It's the very things that make magazines trivial and tendentious -- their unnecessary depth of detail, their uncritical allegiance to the transitory memes of the moment -- which make them so brilliant a time-travelling resource, and, finally, valuable to other ages even when they're only diverting in their own.

One of my prize possessions is a CD-ROM containing every page of every National Geographic magazine from 1960 to 1995. The articles that, at the time, I would have found dull and worthy I now find fascinating: long explications of mainframe computing, with deliciously wrongheaded prognostications on the future applications of the Univac. But actually the greatest thing for me is the advertising. Advertising in the present is an irritating buttonhole. But advertising from the past is a delight. Those typefaces! That odd, clunky -- or witty, Ogden-Nashy -- copy style! Those implicit promises of cutting edge kudos attached to Super 8 cameras and long-dead video game consoles!

Actually, that's probably the reason I love retro-tech, secondhand clothes, and anything foreign. Things that exert a normative power in their intended context, socialising us and influencing us to converge to prescriptive models, suddenly have the opposite effect when they're put in a new context (another country, another era). They encourage divergence, exploration, fresh ways of thinking. At short distances the spume of cultural disjecta can become excessively familiar, warm, kitschy. But if you delve a little deeper into the junk store you can find stuff that time or distance has transformed -- like the best art -- into something perverse, challenging, unsettling. (Another reason we urgently need a non-perjorative word for 'kitsch'.)

Glossy Junky Map

Like any jetset junky, I can tell you where to go in each city to find high quality magazines. In LA check Little Tokyo or locate the gigantic newsstand hidden just off Hollywood Boulevard (make a right three blocks east of the Chinese Theater). In London, visit Colindale's Oriental Plaza for the best prices on Japanese titles, the basement of Waterstones Art Bookstore on Long Acre or the ICA Bookshop for art. In Tokyo make for ABC in Roppongi, Shibuya Tower for foreign stuff, Digitalogue in Harajuku for really cool designery things (and font floppies!), Nadiff for art. In Paris, Collette on Rue St Honore is your best bet. In Dublin head for Temple Bar. Amsterdam is a magazine lover's paradise where the cafes have surprisingly decent selections lying around. But if you want to buy, there's a great place, here, just follow me towards the Prizengracht... In Edinburgh, mail order is about your only option.

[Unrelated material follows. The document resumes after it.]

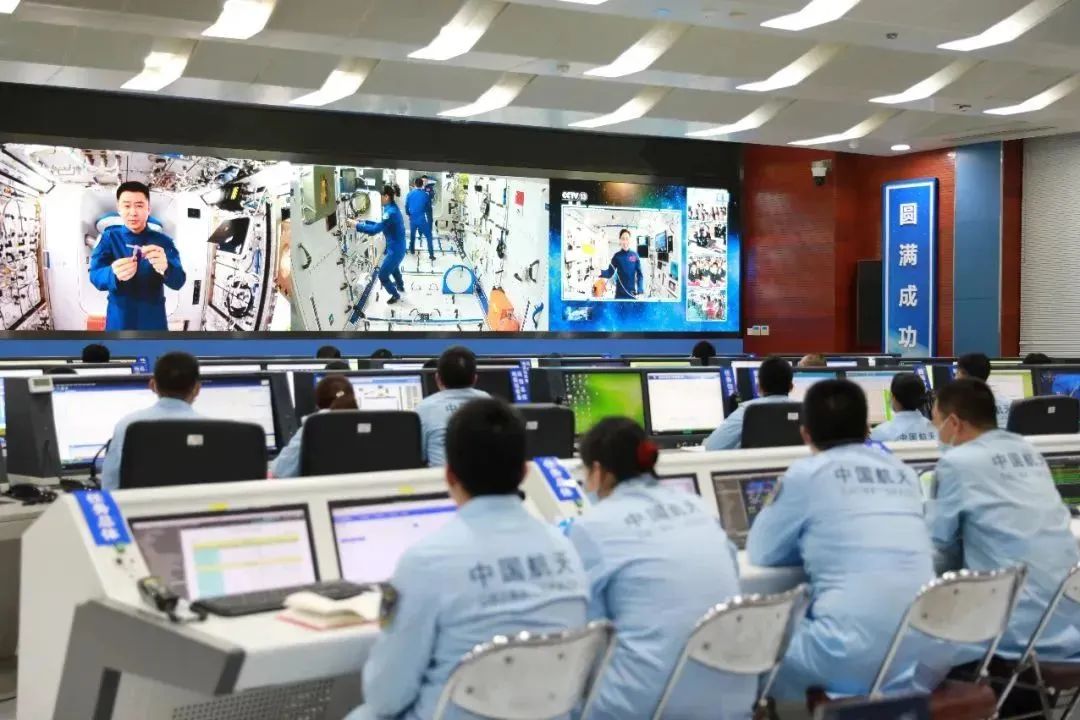 直播授课,天地互动,视诚携手点亮星空梦想! 直播授课,天地互动,视诚携手点亮星空梦想!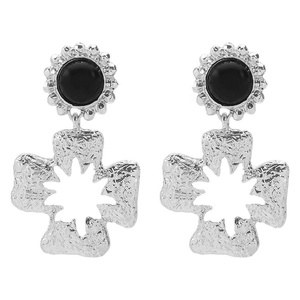 Pendientes Cruzados Florales Vintage con Baño de Oro, Diseño Francés de Nicho de Moda para Estilo Europeo y Americano, Hechos de Aleación - Product Image 5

In New York there's Universal News on Broadway, Asahiya at Grand Central Station or Kinokuniya at the Rockerfeller Center for the Japanese, Other Music for music, Zakka on Grand for cool Jap design and style stuff, Zao on Orchard for a good selection of Japanese and French fashion and art titles. And ah! The daddy of all rare and fabulous magazine stores, a place where I feel like I've died and gone to heaven, Printed Matter on Wooster Street. This is the Soho Mecca for artists' handmade books, zines, CDs, tiny-run surreal scrawly publications you'll never see anywhere else accompanied by exhibitions like the current show of Sonic Youth artwork and posters since 1981.

In fact, my mental map of many a city features the most interesting possible route from magazine store A (Japan Centre, Piccadilly) to magazine store B (Waterstones, Long Acre). One of my biggest dilemmas when I move house is trying to decide which titles from my huge stacks of glossy paper I should box up and transport across oceans, and which I should jettison. Sifting through them all, I end up absorbed, fascinated, reading stuff I never saw first time around, hardly aware of time passing until I suddenly notice that evening has arrived and I can't see the pages any more.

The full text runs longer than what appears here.